Data on the world's two biggest economies hinted at disinflationary pressure due to flagging domestic demand with US retail sales edging up a tiny 0.1 percent and producer prices falling 1.1 percent. This weakening backdrop may cause Fed policymakers to delay a possible rate increase until they see evidence of improving US demand and a risk of inflation.
"The dollar is weakening because of the expectations that a Fed rate hike is being pushed further and further out," said Michael Arone, chief investment strategist at State Street Global Advisors' US Intermediary Business in Boston. The US economy may not be as weak as some traders fear after the Fed's Beige Book showed it grew at a modest pace in recent weeks, although a strong dollar restrained manufacturing and tourism.
The greenback's strength since June 2014 has been a drag on the US economy and has made the Fed reluctant to hike near zero rates. The dollar index has retreated over 6 percent from its 12-year peak set in March. The dollar index was last down 0.95 percent at 93.863. It hit a seven-week low of 93.845. Against the yen, the dollar hit a 1-1/2 week low, last 0.8 percent lower to 118.75 yen
The euro reached a seven-week high against the greenback.

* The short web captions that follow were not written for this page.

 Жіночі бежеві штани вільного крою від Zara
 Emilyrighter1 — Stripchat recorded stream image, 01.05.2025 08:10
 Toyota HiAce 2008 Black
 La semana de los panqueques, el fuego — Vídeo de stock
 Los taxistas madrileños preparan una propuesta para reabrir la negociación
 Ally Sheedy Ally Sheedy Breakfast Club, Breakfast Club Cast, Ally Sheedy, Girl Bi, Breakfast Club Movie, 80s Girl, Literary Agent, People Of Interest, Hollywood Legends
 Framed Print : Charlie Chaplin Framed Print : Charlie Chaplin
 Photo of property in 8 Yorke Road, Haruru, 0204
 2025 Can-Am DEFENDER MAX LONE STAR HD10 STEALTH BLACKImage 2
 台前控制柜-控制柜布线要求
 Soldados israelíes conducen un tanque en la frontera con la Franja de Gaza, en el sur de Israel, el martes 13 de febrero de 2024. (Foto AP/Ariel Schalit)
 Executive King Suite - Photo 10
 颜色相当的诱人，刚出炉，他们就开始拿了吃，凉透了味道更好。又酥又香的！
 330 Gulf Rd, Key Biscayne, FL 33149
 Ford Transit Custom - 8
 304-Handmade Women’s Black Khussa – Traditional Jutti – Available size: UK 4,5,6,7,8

It was last up nearly 1 percent at $1.1487. Earlier China's price data showed annual consumer inflation growth slowed to 1.6 percent in September, below a forecast 1.8 percent rise and 2.0 percent increase in August. "A clouded outlook for China can be used as an argument by the Fed to postpone a rate hike," said Niels Christensen, currency strategist at Nordea in Copenhagen.
US interest rates futures implied traders see about a 1-in-4 chance the Fed would raise rates by year-end, according to CME Group's FedWatch program. The Australian dollar, a proxy for investments in China, rose 0.8 percent to $0.7305, erasing earlier losses during Asian trading on the muted Chinese inflation data. Sterling jumped to its strongest levels against the dollar in three weeks on upbeat employment data. It was up 1.6 percent at $1.5492.